I’ve attended a number of CFSAC meetings since 2005.  I appreciate the service of each of you individually on the Committee, and I want to be encouraged by the comments this morning from Drs. Jones and Marshall this morning about changes in the Committee’s practices, but I am skeptical.  I can’t say that this Committee strengthens my faith in government.  When you publish an agenda just 2 weeks before the meeting, it suggests that you’re just now getting around to thinking about the work you were supposed to have been doing since the last meeting.  It suggests that these meetings are merely a procedural exercise to check the box.  When you develop a high priority recommendations list and publish it without the public input required by the Federal Advisory Committee Act, it conveys how much regard you hold for public engagement generally and for engagement with the patient community specifically.  When you get called to the carpet for violating FACA and have to revisit the list and then allot less than 30 minutes for Committee discussion, it suggests that the high priority recommendations don’t warrant much priority at all—especially when the topic didn’t even appear on the original agenda published for the meeting.  When the list you’ll be deliberating probably is the one you originally published and then revoked—which was current as of the end of 2011—we begin to get a sense of how important the Committee’s recommendations are, since recommendations from 2012, like the case definition work, are omitted.  I really hope the Committee members are on top of this, since the CFSAC leadership and staff don’t appear to be.

[In fairness, I want to acknowledge some apparent improvements.  Publishing the agenda two weeks in advance is, actually, an improvement over past years.  Also, I am grateful that I no longer have to submit testimony before seeing an agenda and before finding out if I’ve even gotten a slot to testify—it felt like a bit of a litmus test and was also quite inconvenient.  Finally, I’m interested in the addition of Q&A to this meeting and am hopeful that this proves a constructive interaction between the Committee and the patient community.]

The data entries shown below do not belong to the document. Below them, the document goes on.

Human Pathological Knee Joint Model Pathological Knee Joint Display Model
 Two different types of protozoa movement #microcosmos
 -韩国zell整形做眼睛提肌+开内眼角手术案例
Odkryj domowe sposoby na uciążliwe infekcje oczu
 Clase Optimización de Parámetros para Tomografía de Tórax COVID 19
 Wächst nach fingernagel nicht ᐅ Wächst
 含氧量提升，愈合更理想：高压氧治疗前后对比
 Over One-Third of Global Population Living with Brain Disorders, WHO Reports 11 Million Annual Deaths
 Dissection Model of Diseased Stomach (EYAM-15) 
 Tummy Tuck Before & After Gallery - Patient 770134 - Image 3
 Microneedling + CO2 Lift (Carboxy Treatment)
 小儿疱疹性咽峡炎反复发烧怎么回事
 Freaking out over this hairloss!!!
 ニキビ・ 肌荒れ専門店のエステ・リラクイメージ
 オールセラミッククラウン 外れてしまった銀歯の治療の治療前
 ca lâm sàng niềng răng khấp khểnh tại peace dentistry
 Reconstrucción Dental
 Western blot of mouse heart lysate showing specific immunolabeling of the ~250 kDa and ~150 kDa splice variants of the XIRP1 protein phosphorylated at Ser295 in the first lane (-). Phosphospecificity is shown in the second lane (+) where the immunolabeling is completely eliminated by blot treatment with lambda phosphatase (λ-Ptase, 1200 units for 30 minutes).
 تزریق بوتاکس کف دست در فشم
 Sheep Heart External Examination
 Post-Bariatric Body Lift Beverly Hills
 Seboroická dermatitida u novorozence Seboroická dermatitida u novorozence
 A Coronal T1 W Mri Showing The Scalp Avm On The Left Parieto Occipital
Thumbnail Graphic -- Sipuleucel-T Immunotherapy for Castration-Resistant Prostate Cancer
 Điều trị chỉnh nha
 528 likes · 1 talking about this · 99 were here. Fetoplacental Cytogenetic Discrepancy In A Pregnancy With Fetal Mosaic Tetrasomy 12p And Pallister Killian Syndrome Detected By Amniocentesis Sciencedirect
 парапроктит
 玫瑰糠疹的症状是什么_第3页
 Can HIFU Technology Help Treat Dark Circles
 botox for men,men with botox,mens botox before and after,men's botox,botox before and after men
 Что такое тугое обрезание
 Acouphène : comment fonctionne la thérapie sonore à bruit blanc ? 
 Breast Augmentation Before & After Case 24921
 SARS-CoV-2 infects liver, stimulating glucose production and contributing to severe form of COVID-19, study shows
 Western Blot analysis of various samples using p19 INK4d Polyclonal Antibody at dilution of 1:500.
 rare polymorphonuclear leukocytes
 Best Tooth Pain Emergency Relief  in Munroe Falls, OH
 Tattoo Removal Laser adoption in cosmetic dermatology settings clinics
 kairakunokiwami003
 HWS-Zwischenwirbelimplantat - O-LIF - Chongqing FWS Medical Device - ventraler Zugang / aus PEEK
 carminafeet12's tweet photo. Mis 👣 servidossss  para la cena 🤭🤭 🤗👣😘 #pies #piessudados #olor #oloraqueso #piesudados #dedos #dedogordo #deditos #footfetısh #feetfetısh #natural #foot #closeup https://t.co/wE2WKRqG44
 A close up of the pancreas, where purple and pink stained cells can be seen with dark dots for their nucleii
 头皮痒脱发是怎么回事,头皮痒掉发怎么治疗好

And what really gets me, given my experience with this Committee, are the recent examples of how valuable constructive engagement with the patient community can be.  The FDA has set brilliant examples through the PDUFA meeting in November and then the Drug Development meeting for ME/CFS in late April.  FDA restores my faith in government.  I saw officials who listened closely to the patients, asked questions to be sure they understood the patient perspective, and diligently took notes throughout the discussion.  We heard panelist after panelist comment on the importance of patient engagement to good public health policy and outcomes—on symptom management priority, end-points, risk tolerance and health trade-offs.  The expression by several of the federal agency staff that they learned more from the patients on the first day of the FDA meeting than they had sitting through hours of open testimony at CFSAC meetings says something about the nature of the dialogue that’s been fostered in this forum and underscores the need for change.

So given everything that the rest of HHS has under way, I would ask how the patient community will be engaged to ensure maximum value and impact of the work and the resources being invested, particularly given growing fiscal constraints. For example:

  • The CDC is conducting a multi-site study with 7 ME/CFS specialty clinics.  How can CDC augment this data collection with direct patient contact outside those practices to make sure that the study takes into account the perspective and experience of ME/CFS patients who don’t have access to specialty care (which, based on the statistics, is the vast majority of the ME/CFS patient community)?
  • NIH reports that it is beginning to look at case definition through the evidence-based program of the Office of Disease Prevention.  How does NIH plan to solicit information from the patient community for this project?
  • What can ARHQ do to represent the patient voice in quality and care guidelines?

My bottom line is:  constructive engagement with the patient community helps make good public health policy, which ostensibly is why you all are here.  The April FDA meeting demonstrated that the ME/CFS patient community can mobilize productively and constructively in dialogue with federal officials.  I hope this Committee is interested in fostering a similar approach, in its own operations and across the rest of HHS.

Thank you for considering these comments.